DATA RECORDS:
○ ○ ○ ○ ○ ○ ○

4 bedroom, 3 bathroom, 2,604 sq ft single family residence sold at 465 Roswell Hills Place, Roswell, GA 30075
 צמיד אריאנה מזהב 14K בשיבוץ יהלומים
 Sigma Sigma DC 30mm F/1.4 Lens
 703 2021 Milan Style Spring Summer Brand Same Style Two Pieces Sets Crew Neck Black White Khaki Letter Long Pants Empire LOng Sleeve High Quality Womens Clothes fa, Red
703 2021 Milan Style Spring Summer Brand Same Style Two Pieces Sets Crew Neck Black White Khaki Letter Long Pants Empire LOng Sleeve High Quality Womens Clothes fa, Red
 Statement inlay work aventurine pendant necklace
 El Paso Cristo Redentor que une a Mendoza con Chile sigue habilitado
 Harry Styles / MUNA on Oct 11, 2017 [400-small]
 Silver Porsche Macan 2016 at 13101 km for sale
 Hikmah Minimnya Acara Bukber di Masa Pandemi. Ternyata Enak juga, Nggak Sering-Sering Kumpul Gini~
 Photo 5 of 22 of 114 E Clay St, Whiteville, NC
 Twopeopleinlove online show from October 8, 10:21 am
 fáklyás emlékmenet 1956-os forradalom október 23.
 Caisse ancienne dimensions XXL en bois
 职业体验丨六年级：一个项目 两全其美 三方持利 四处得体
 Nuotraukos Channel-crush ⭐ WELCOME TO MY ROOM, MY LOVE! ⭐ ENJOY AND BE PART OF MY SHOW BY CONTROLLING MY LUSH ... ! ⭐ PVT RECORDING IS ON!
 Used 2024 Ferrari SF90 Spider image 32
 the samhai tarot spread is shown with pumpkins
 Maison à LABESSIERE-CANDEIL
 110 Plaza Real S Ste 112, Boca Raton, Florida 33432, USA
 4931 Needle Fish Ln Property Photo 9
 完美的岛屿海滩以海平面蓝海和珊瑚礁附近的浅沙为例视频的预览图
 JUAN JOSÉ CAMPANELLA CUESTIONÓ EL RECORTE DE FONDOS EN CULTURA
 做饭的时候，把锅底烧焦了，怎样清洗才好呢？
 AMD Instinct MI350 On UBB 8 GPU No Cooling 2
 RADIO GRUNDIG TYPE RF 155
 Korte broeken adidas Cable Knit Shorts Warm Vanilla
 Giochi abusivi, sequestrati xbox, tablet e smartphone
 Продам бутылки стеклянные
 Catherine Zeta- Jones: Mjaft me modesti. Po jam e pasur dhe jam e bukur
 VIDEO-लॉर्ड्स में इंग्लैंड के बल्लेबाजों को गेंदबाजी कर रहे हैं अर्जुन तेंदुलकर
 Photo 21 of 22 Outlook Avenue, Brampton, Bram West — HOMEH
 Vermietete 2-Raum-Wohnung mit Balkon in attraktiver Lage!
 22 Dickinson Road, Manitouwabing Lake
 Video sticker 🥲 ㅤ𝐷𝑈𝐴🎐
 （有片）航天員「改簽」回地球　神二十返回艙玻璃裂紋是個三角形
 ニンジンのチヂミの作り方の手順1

○ ○ ○ ○ ○ ○ ○

PROBLEM DESCRIPTION: Set down the records again verbatim, so that each word stays as it is.

PROBLEM SOLUTION:
4 bedroom, 3 bathroom, 2,604 sq ft single family residence sold at 465 Roswell Hills Place, Roswell, GA 30075
 צמיד אריאנה מזהב 14K בשיבוץ יהלומים
 Sigma Sigma DC 30mm F/1.4 Lens
 703 2021 Milan Style Spring Summer Brand Same Style Two Pieces Sets Crew Neck Black White Khaki Letter Long Pants Empire LOng Sleeve High Quality Womens Clothes fa, Red
703 2021 Milan Style Spring Summer Brand Same Style Two Pieces Sets Crew Neck Black White Khaki Letter Long Pants Empire LOng Sleeve High Quality Womens Clothes fa, Red
 Statement inlay work aventurine pendant necklace
 El Paso Cristo Redentor que une a Mendoza con Chile sigue habilitado
 Harry Styles / MUNA on Oct 11, 2017 [400-small]
 Silver Porsche Macan 2016 at 13101 km for sale
 Hikmah Minimnya Acara Bukber di Masa Pandemi. Ternyata Enak juga, Nggak Sering-Sering Kumpul Gini~
 Photo 5 of 22 of 114 E Clay St, Whiteville, NC
 Twopeopleinlove online show from October 8, 10:21 am
 fáklyás emlékmenet 1956-os forradalom október 23.
 Caisse ancienne dimensions XXL en bois
 职业体验丨六年级：一个项目 两全其美 三方持利 四处得体
 Nuotraukos Channel-crush ⭐ WELCOME TO MY ROOM, MY LOVE! ⭐ ENJOY AND BE PART OF MY SHOW BY CONTROLLING MY LUSH ... ! ⭐ PVT RECORDING IS ON!
 Used 2024 Ferrari SF90 Spider image 32
 the samhai tarot spread is shown with pumpkins
 Maison à LABESSIERE-CANDEIL
 110 Plaza Real S Ste 112, Boca Raton, Florida 33432, USA
 4931 Needle Fish Ln Property Photo 9
 完美的岛屿海滩以海平面蓝海和珊瑚礁附近的浅沙为例视频的预览图
 JUAN JOSÉ CAMPANELLA CUESTIONÓ EL RECORTE DE FONDOS EN CULTURA
 做饭的时候，把锅底烧焦了，怎样清洗才好呢？
 AMD Instinct MI350 On UBB 8 GPU No Cooling 2
 RADIO GRUNDIG TYPE RF 155
 Korte broeken adidas Cable Knit Shorts Warm Vanilla
 Giochi abusivi, sequestrati xbox, tablet e smartphone
 Продам бутылки стеклянные
 Catherine Zeta- Jones: Mjaft me modesti. Po jam e pasur dhe jam e bukur
 VIDEO-लॉर्ड्स में इंग्लैंड के बल्लेबाजों को गेंदबाजी कर रहे हैं अर्जुन तेंदुलकर
 Photo 21 of 22 Outlook Avenue, Brampton, Bram West — HOMEH
 Vermietete 2-Raum-Wohnung mit Balkon in attraktiver Lage!
 22 Dickinson Road, Manitouwabing Lake
 Video sticker 🥲 ㅤ𝐷𝑈𝐴🎐
 （有片）航天員「改簽」回地球　神二十返回艙玻璃裂紋是個三角形
 ニンジンのチヂミの作り方の手順1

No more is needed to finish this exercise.